### Problem statement
Write out the records below from the first line through the line containing "Conjunto de mantos y sayas del XIX.", leaving out any pictures.

Saved entries
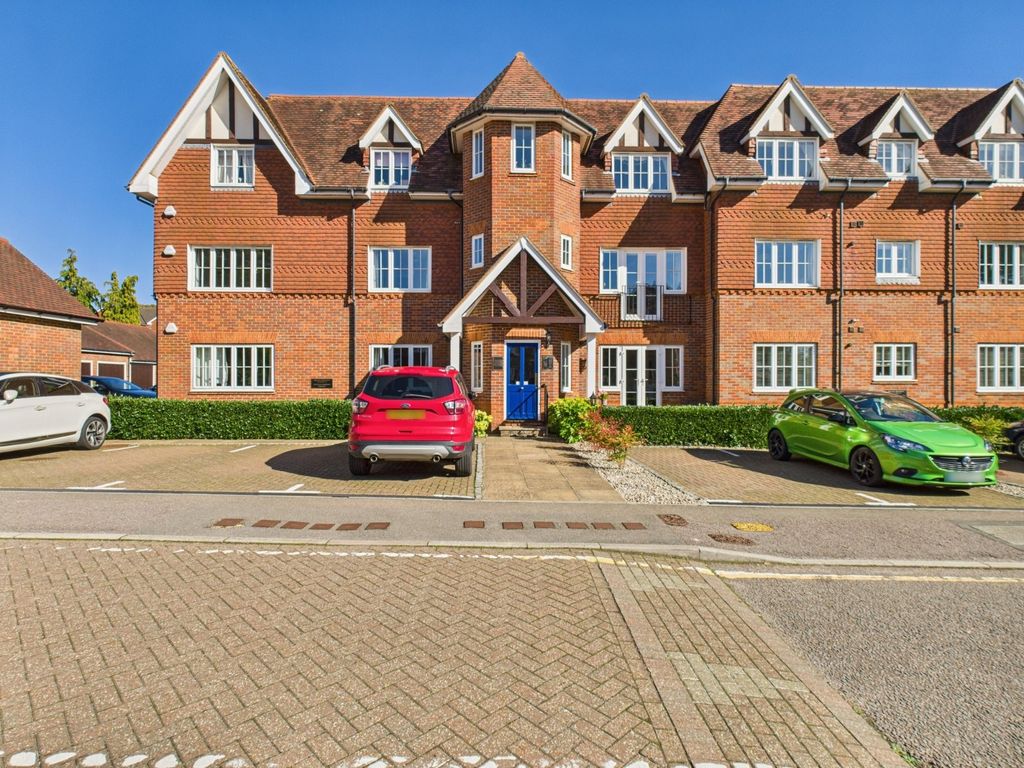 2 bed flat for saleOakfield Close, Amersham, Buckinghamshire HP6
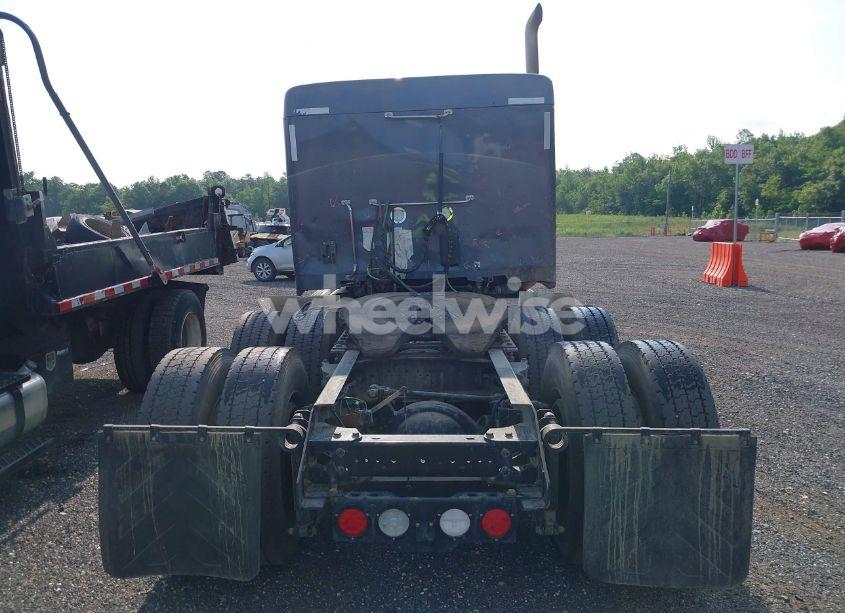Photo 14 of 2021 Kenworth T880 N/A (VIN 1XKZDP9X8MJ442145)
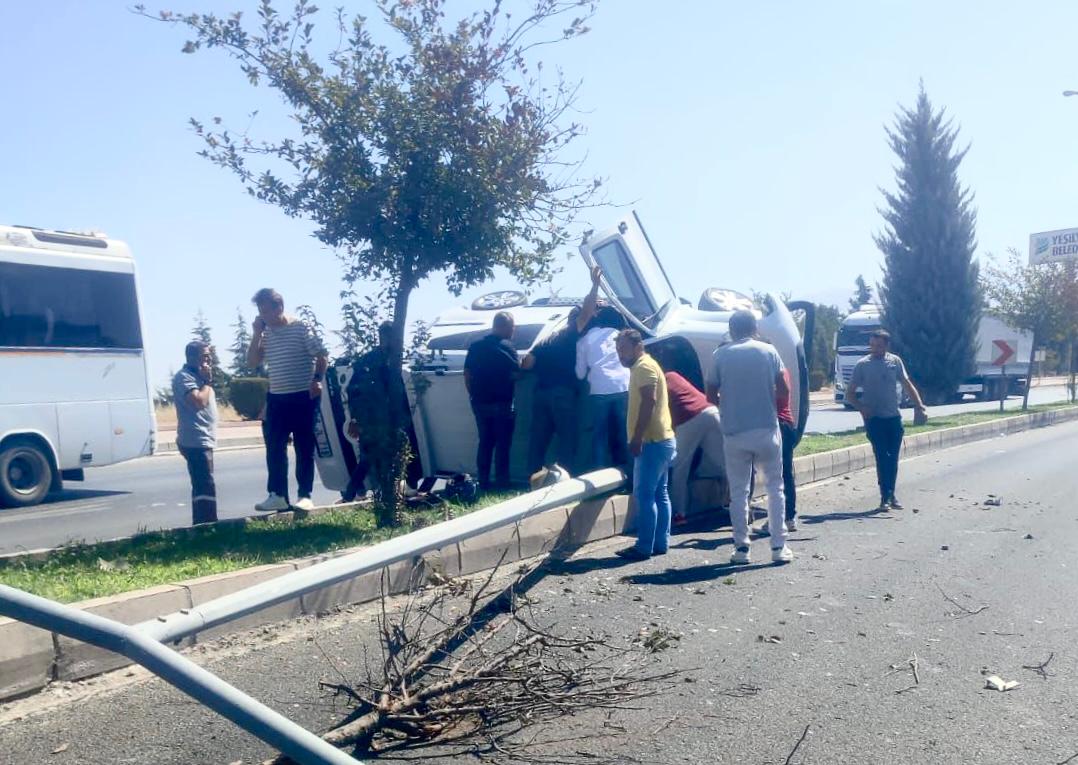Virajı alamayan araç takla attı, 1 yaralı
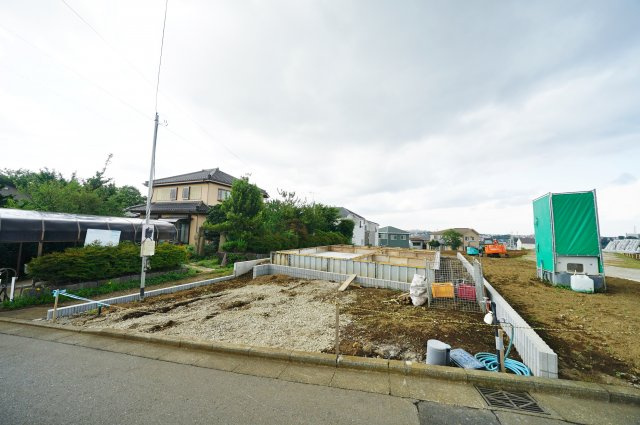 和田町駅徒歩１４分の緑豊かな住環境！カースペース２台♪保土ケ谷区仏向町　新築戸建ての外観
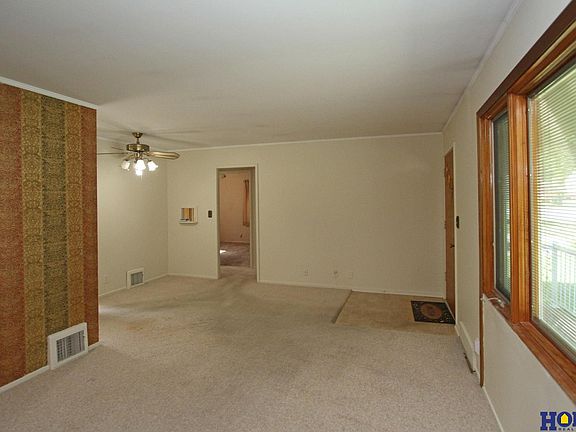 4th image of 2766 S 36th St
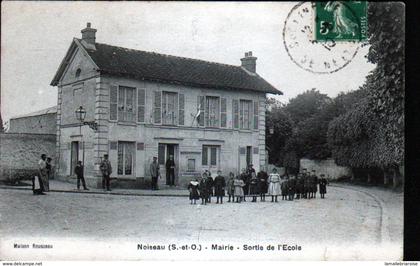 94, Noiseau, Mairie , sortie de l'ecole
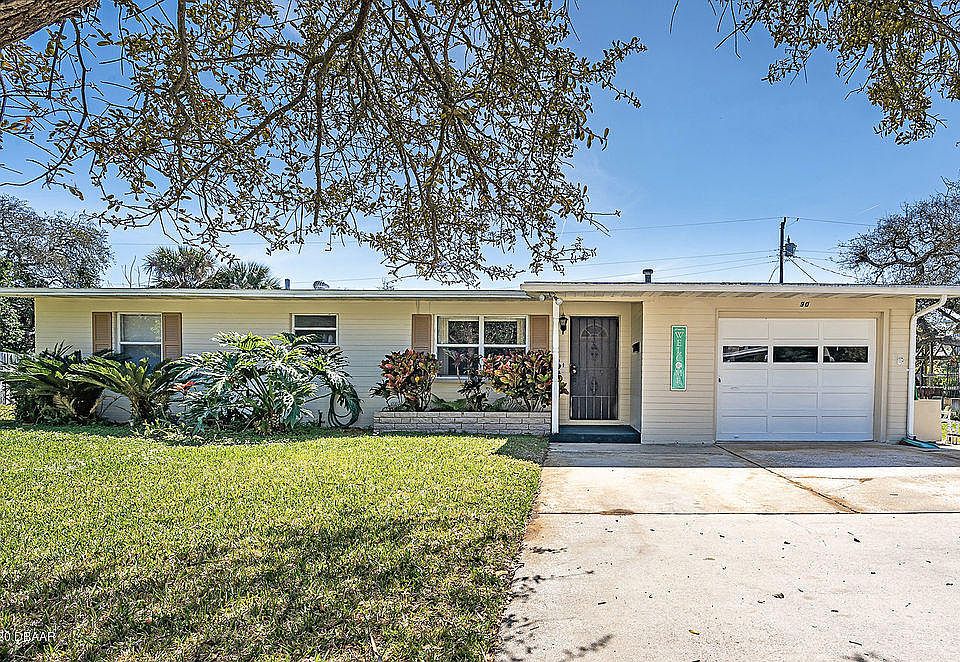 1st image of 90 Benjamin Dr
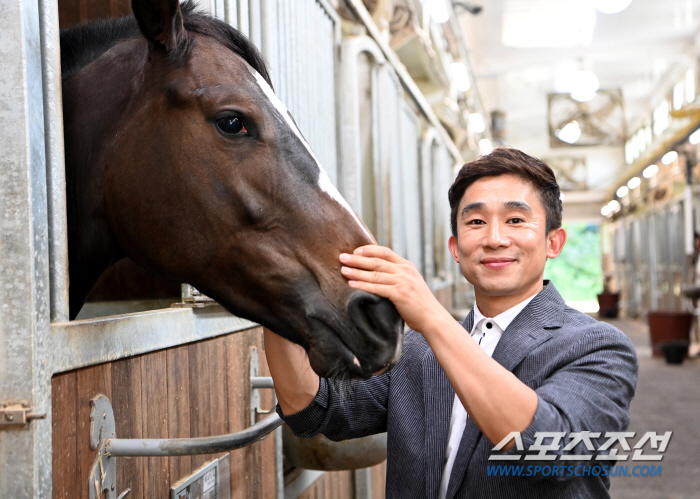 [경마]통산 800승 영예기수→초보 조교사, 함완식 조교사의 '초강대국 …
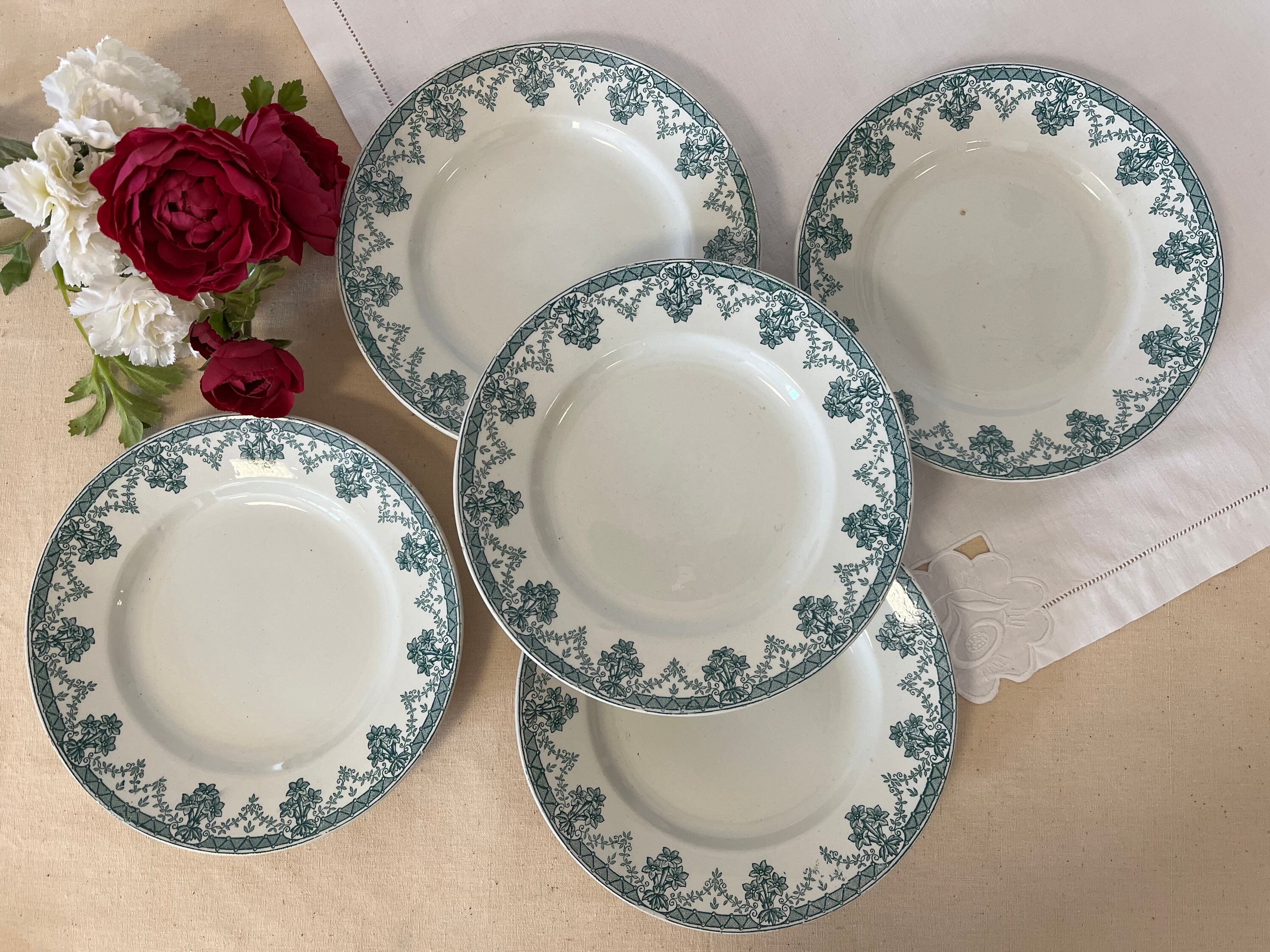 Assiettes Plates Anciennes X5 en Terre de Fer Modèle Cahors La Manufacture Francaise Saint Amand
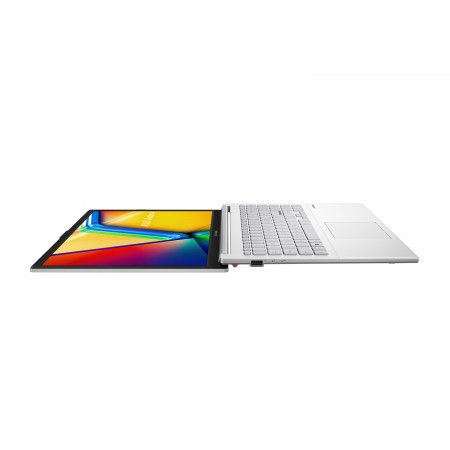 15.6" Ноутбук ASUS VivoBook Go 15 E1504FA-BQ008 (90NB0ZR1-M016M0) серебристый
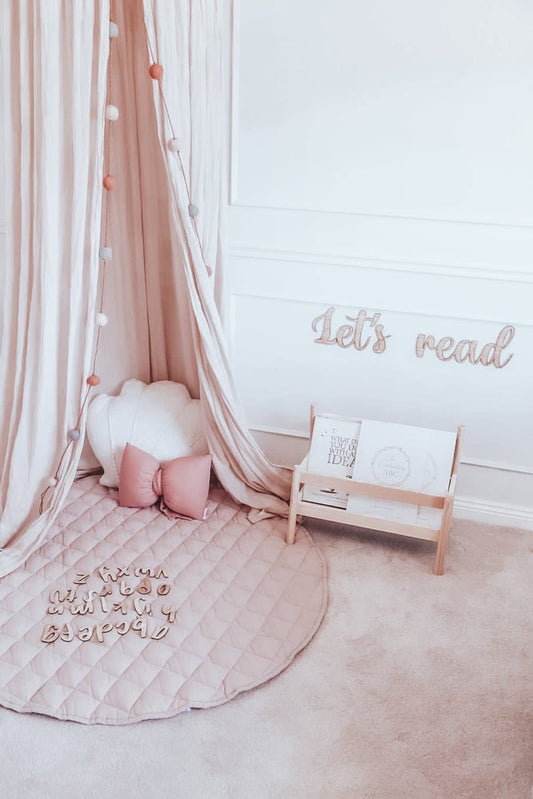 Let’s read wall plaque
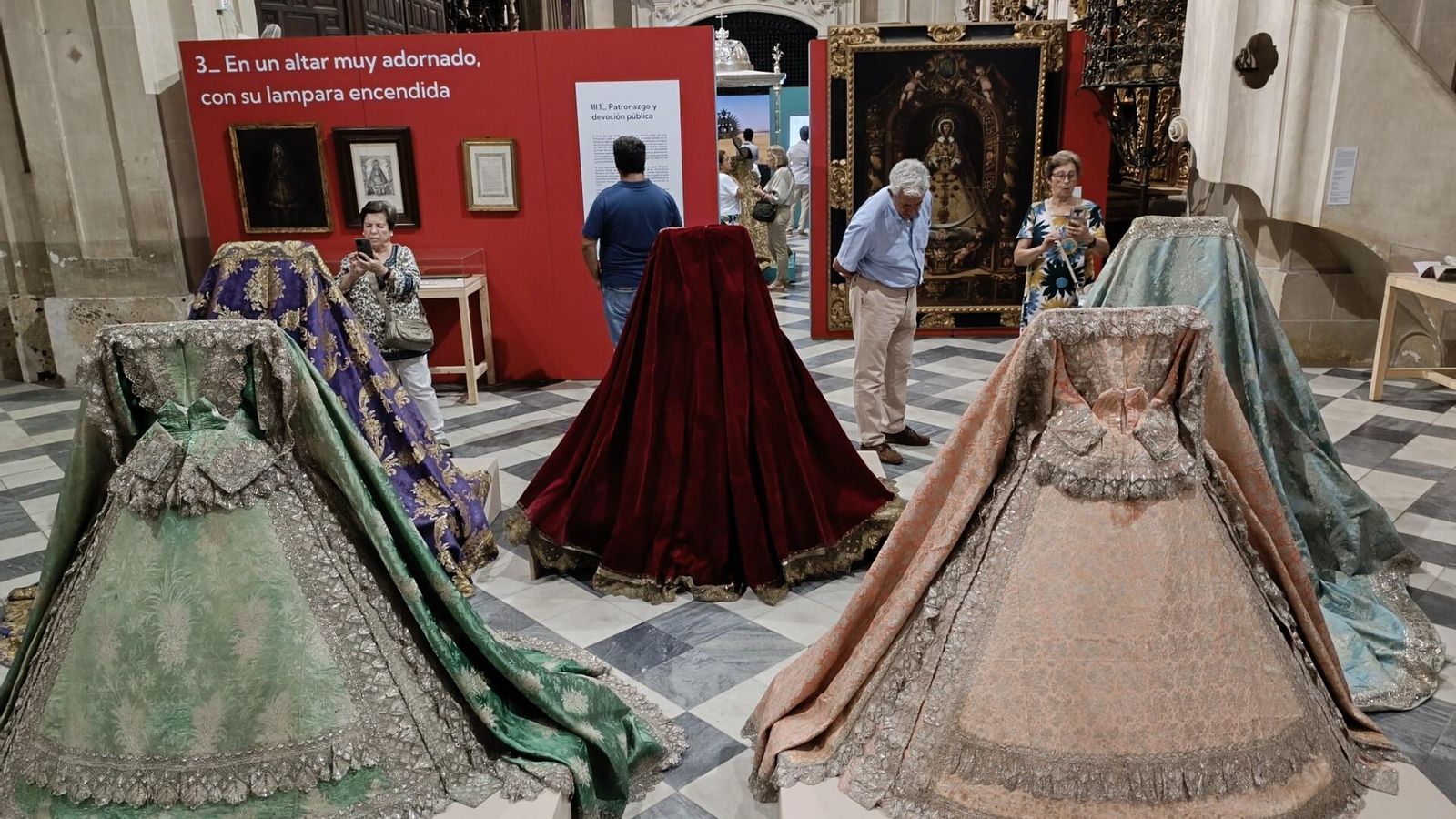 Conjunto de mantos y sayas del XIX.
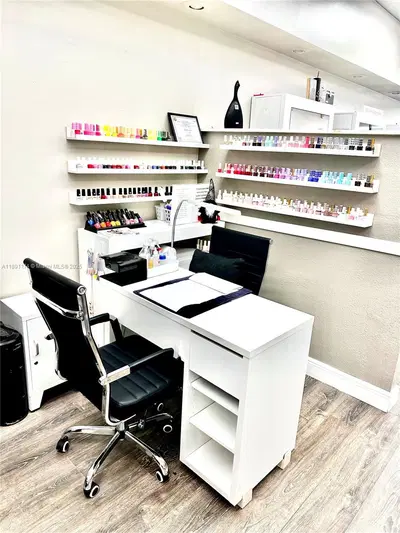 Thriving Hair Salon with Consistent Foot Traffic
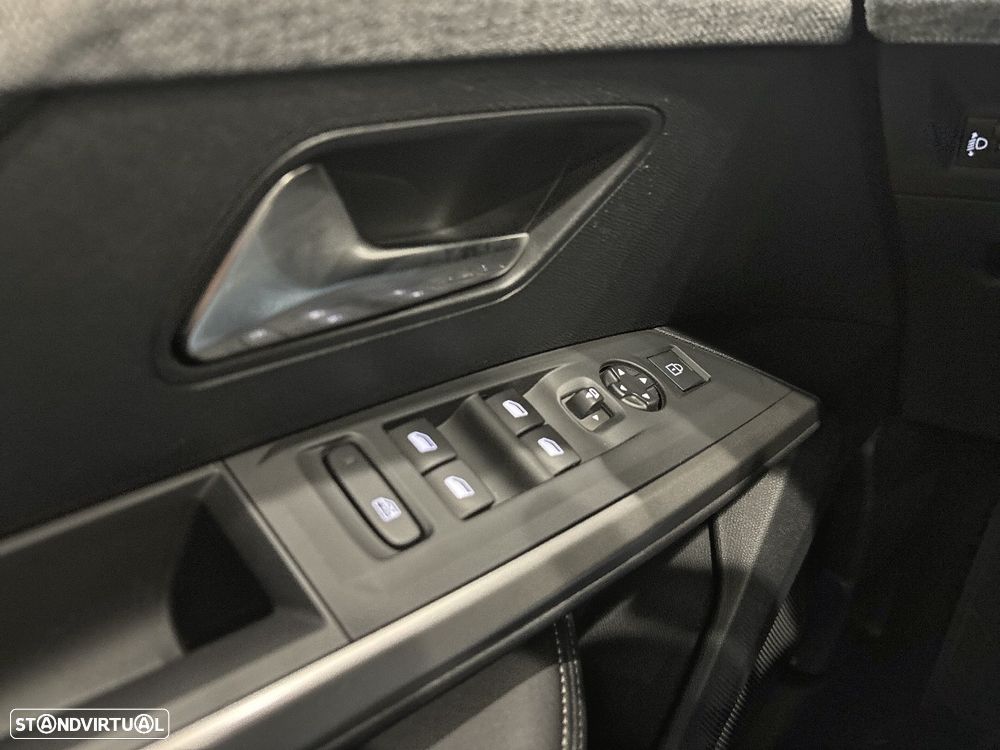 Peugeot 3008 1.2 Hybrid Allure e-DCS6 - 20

### Answer space
 2 bed flat for saleOakfield Close, Amersham, Buckinghamshire HP6
Photo 14 of 2021 Kenworth T880 N/A (VIN 1XKZDP9X8MJ442145)
Virajı alamayan araç takla attı, 1 yaralı
 和田町駅徒歩１４分の緑豊かな住環境！カースペース２台♪保土ケ谷区仏向町　新築戸建ての外観
 4th image of 2766 S 36th St
 94, Noiseau, Mairie , sortie de l'ecole
 1st image of 90 Benjamin Dr
 [경마]통산 800승 영예기수→초보 조교사, 함완식 조교사의 '초강대국 …
 Assiettes Plates Anciennes X5 en Terre de Fer Modèle Cahors La Manufacture Francaise Saint Amand
 15.6" Ноутбук ASUS VivoBook Go 15 E1504FA-BQ008 (90NB0ZR1-M016M0) серебристый
 Let’s read wall plaque
 Conjunto de mantos y sayas del XIX.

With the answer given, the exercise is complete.